The best parts of ancient Jewish culture are missing from it: the love of storytelling, shared memories of the recent past, and the fight for constitutional government, justice, and peace. Pharisaic/rabbinic culture accomplished some great things that Jesus fully participated in, including oral Torah. The editors give us almost none of it.
It is not enough to tell us what Judaism was not (not legalistic, not ritualistic, etc.), which this book does very well. You have to tell us what Judaism was in its heart of hearts. The editors and authors do not capture the vibrancy and thrill of creating something new that Pharisees and rabbis explored to the hilt, and their incredible devotion to constitutional government.

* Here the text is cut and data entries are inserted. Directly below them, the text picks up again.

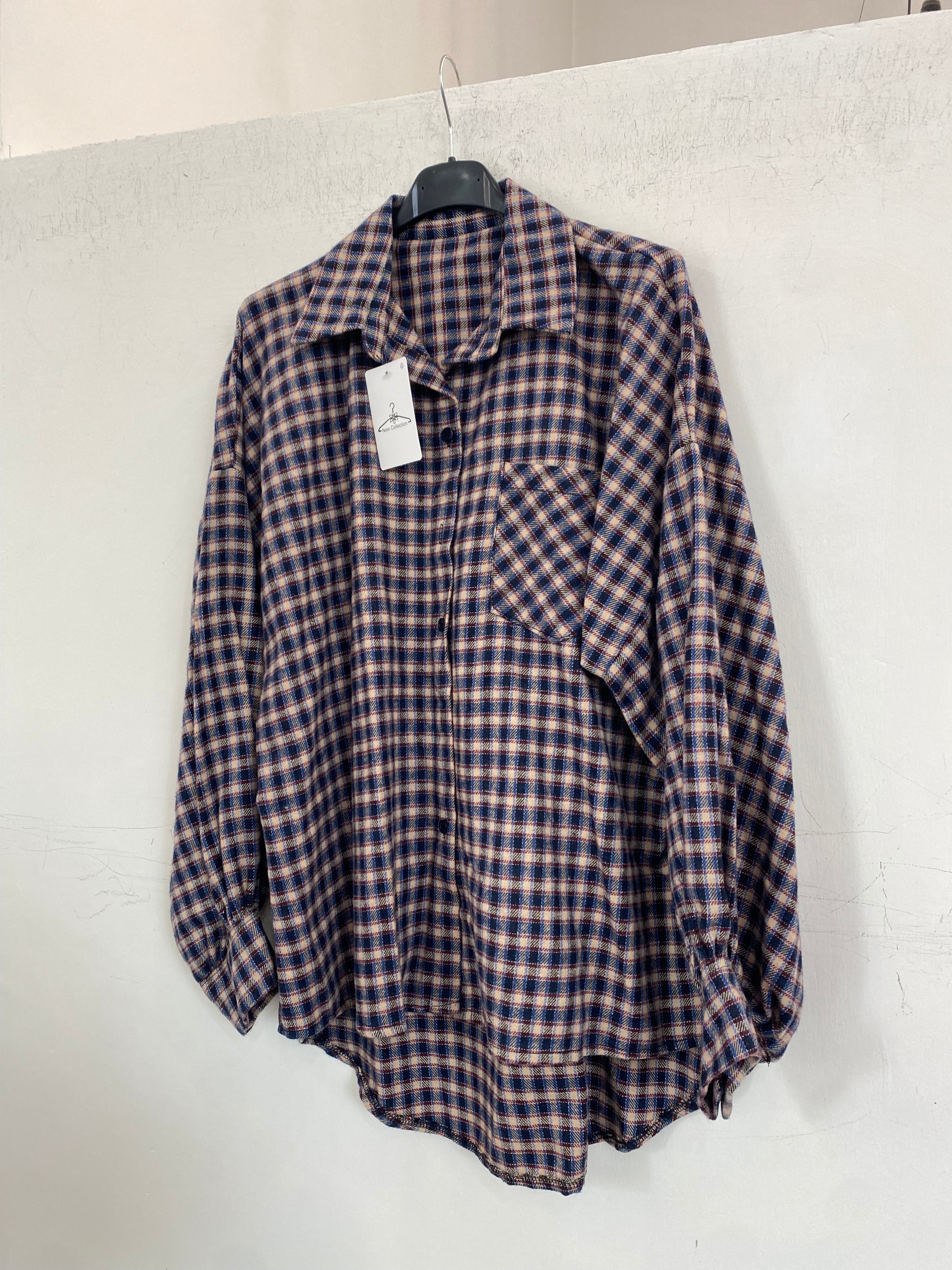Camicia flanella oversize 24616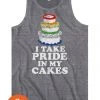 Tipsy Elves I Take Pride In My Cakes Tank Top - Men's Cut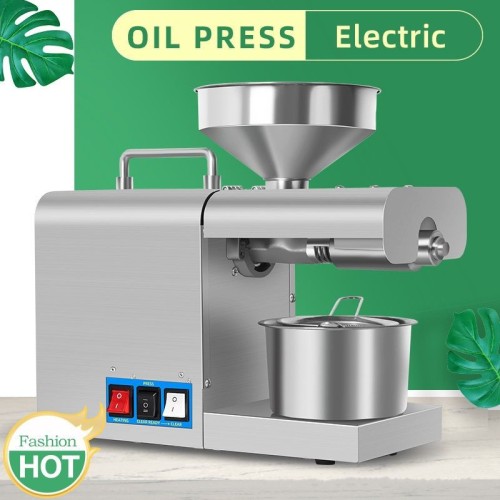 RG-311 Mini Oil Pressing Machine Electric Peanuts Sesame Sunflower Seed Cold Oil Press Machine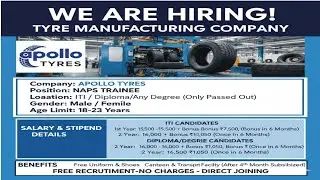 Apollo Hiring | Diploma/ ITI/B-Tech | Apply Now #job #seeknaukari @seeknaukari 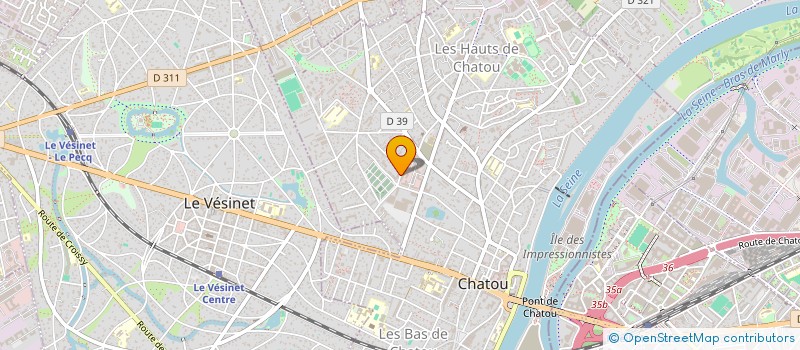 localisation de l'entreprise MADAME EMILIE ARBONE  CHATOU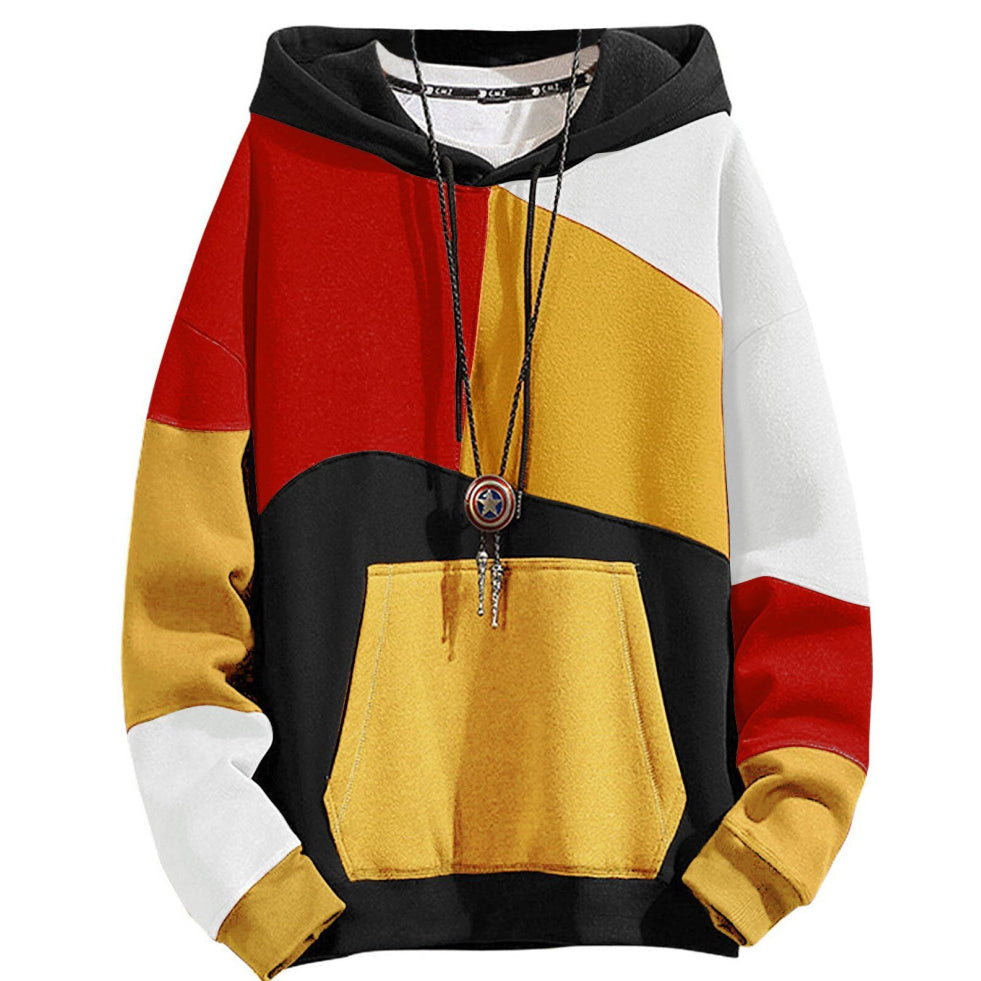Grafisk hoodie herr i bomull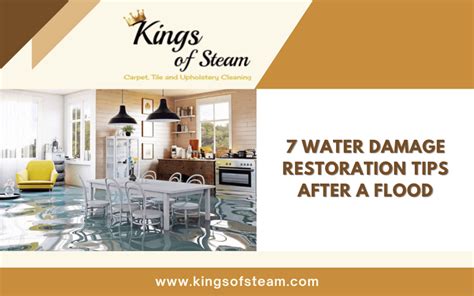 7 Water Damage Restoration Tips After A Flood - Kings Of Steam Carpet ...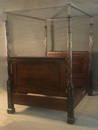 EXCEPTIONAL NY FEDERAL PERIOD TESTER BED, ORMOLU MOUNTS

Presumably one of the editors’ goals is to get more Jews interested in the NT. Jews have never taken an interest for reasons that are complicated. Just one: There is no book of NT scholarship from which you will walk away with a strong positive feeling about ancient Jewish culture. This book is no exception. Why should Jews involve themselves in a subject that incorrectly teaches them that ancient Jews were primarily tribal and ritualistic and, for inexplicable reasons, were easily antagonized by a Rabbi Jesus/Joshua? There is some effort here to correct some misconceptions about ancient Judaism, but it is way too little, and the editors never challenge the traditional story of Jesus’ death which promotes these misconceptions.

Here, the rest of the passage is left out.